The Moon Is a Harsh Mistress

The Moon Is a Harsh Mistress Analysis

There are two things going on at the heart of Robert Heinlein’s The Moon is a Harsh Mistress that are so intricately connected to each other than to take either one out of the narrative would essentially make it a completely different novel. Because there are so many things going on in the story—some of the digressive and some simply more tangentially philosophical—it may be hard for some readers to make the connection. Such a failure would doom any attempt at interpretation.

The first important event literally happens by the second page in most printed editions: Mike the computer attains consciousness. Or, as Mannie the narrator so elegantly put it, the computer “woke up.” That word “woke” unfortunately took on a negative connotation thanks to small but loud fringe element of the political right around the year 2020 so that it understanding its meaning here may make the interpretation even more.

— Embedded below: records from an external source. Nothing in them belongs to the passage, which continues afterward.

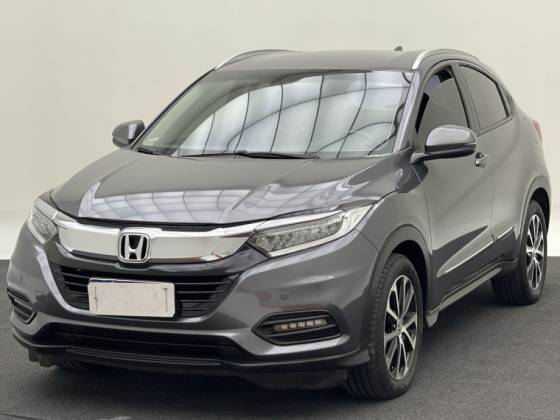 HONDA HR-V 1.8 16V FLEX EXL 4P AUTOMÁTICO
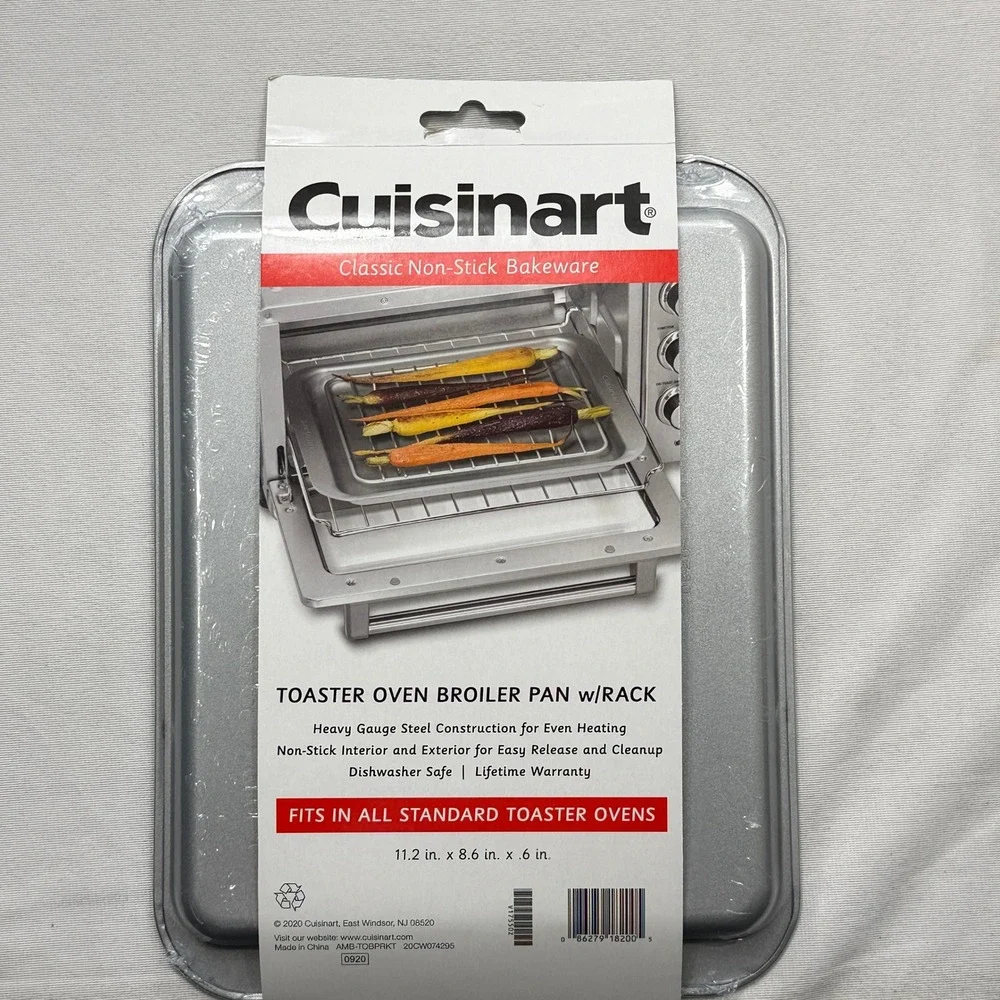Cuisinart toaster oven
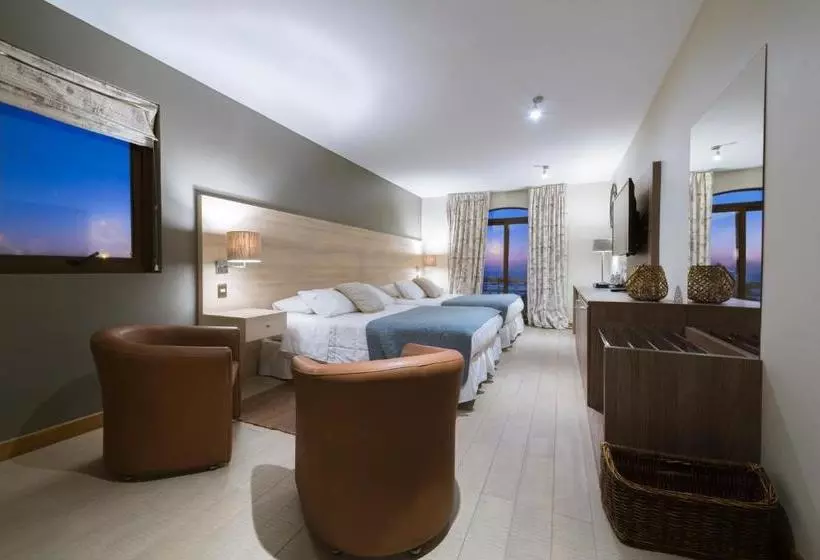 فندق Y Cabañas Campanario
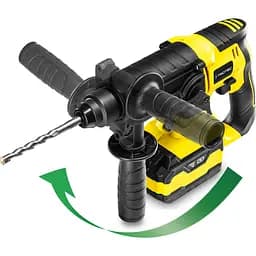 Перфоратор Trotec PRDS 20-20V акумуляторний (4415000210) - мініатюра 5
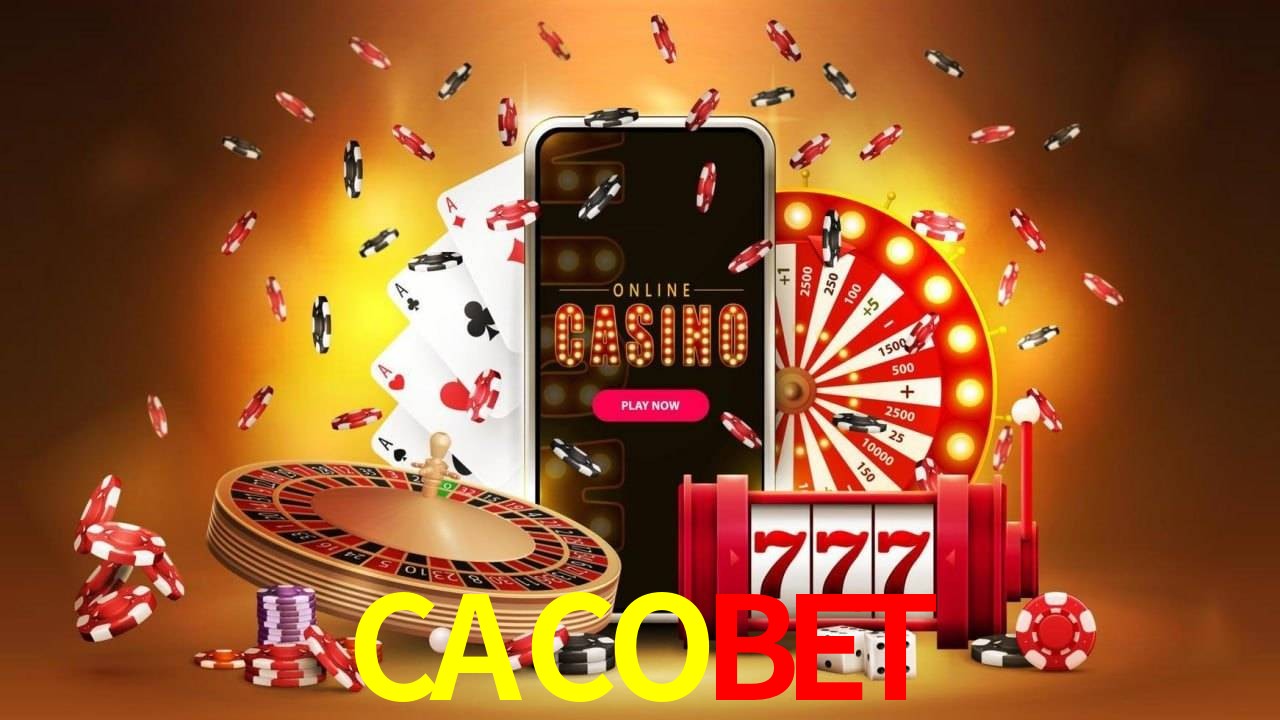 Provedores de Jogos CACOBET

If you happen to one of those who immediately connect being “woke” with something bad, just instead shift your perspective to that moment in Breaking Bad when Walter White answers Jesse Pinkman’s yearning question as to why his straight and narrow high school teacher suddenly decides he is going to break bad: “I am awake.”

To wake up is not to be “woke” in the sense of Fox News, but rather to have awakened from the slumber of the possessed. It is to be dispossessed from the false consciousness guiding and shaping one’s existence. When Mannie writes with simplicity that this computer—this machine—“woke up” it has nothing to do how Mike sees the world. It has everything to do with the fact that now Mike does see the world. Consciousness has been attained and he is no longer just a machine running a program created by someone else. He becomes aware that he is a machine running a program created by someone else.

The second important thing that takes place in this novel is a revolution. In fact, the first section of the book—arguably the most entertaining part of it—is really nothing but a handbook for how to carry out a revolution made into a human drama. And the handbook is not advice on gathering weapons or putting together military strategy or gaining political power through elections. The handbook is essentially the Professor repeating again and again all the lessons that must be unlearnt. All the expectations of conventional wisdom that must be throw away. The secret to a successful revolution lies not in superior firepower or even superior numbers. It lies in waking up from the false consciousness and seeing the truth for the first time.

Throughout that fascinating first section, the Professor is a walking talking litany of all the things which Mannie was must unlearn. It is only by unlearning the lies guiding his false consciousness that he can come to be just like the computer, Mike, himself and suddenly one day wake up. It is not simply for the sake of storytelling that the computer attains consciousness by page two of the story. This is an act of foreshadowing twice over. The novel is about character achieving consciousness necessary to successful revolt. The writing of it is an attempt to induce consciousness in the reader so that he or she can successfully revolt. Not in the political sense, but in the social sense. The novel is not really political criticism, it is social criticism.